Background
HaploCart performs maximum likelihood estimation to predict the mitochondrial haplogroup for reads originating from a modern human sample.
The program also optionally provides confidence estimation of the phylogenetic placement of the sample.
HaploCart maps reads in a pangenomic context using the VG graph as an underlying data structure.
(A): A variation graph with four embedded haplogroups. Each haplogroup sequence can be reconstructed by walking the appropriate nodes of the graph.
Suppose we observe three DNA reads (top left). Read 1 is derived unambiguously from the purple haplogroup.
Read 2 is equally likely to have come from the purple or red haplogroup. Read 3 could equiprobably have come from any of the four embedded haplogroups.
(B) Based on observation of the reads (R) we compute the posterior probability P(hk | R) for each embedded haplogroup hk.
In this case the haplogroup which maximizes this quantity is the purple one, which becomes the haplogroup assignment for the sample.
(C) HaploCart (optionally) reports the proportion of posterior mass which falls on the assigned haplogroup (purple).

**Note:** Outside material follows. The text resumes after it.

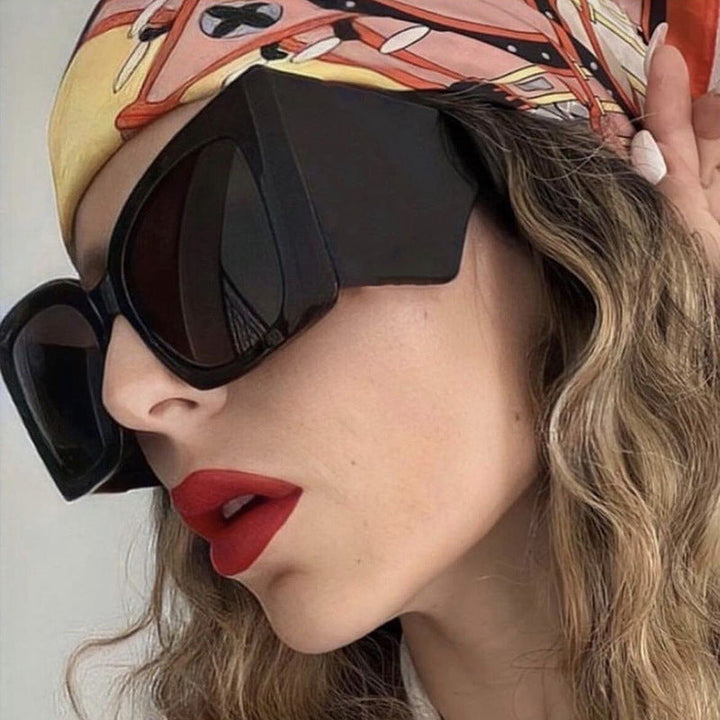 Women's oversized cat-eye sunglasses, UV protection, stylish fashion eyewear for summer.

It then goes up each ontological level of the tree, up to the mt-MRCA, reporting the proportion of posterior mass for all haplogroups within the relevant clade.
Please cite:
Rubin, J., Vogel, N., Gopalakrishnan, S., Sackett, P., & Renaud, G. (2022). HaploCart: Human mtDNA Haplogroup Classification Using a Pangenomic Reference Graph. bioRxiv.
Abstract
Current mitochondrial DNA (mtDNA) haplogroup classification tools map reads to a single reference genome, and are thereby susceptible to reference bias.
To mitigate this issue, we present HaploCart, an mtDNA haplogroup classifier written in C++ which uses VG's pangenomic reference graph framework together
with principles of Bayesian inference to confidently infer mtDNA haplogroups from NGS data.
We demonstrate a highly significant improvement in the ability to infer mtDNA haplogroups from modern human samples at low depths of coverage,
while providing a reliable measure of confidence in the resultant prediction. HaploCart is available both as a command-line tool and through a user-friendly
web interface. The program accepts as input consensus FASTA, FASTQ, or GAM files, and outputs a TSV file with the haplogroup assignment.
Optionally, an additional TSV file is provided with confidence estimates for each clade subtending the assigned haplogroup, up the tree to the mt-MRCA.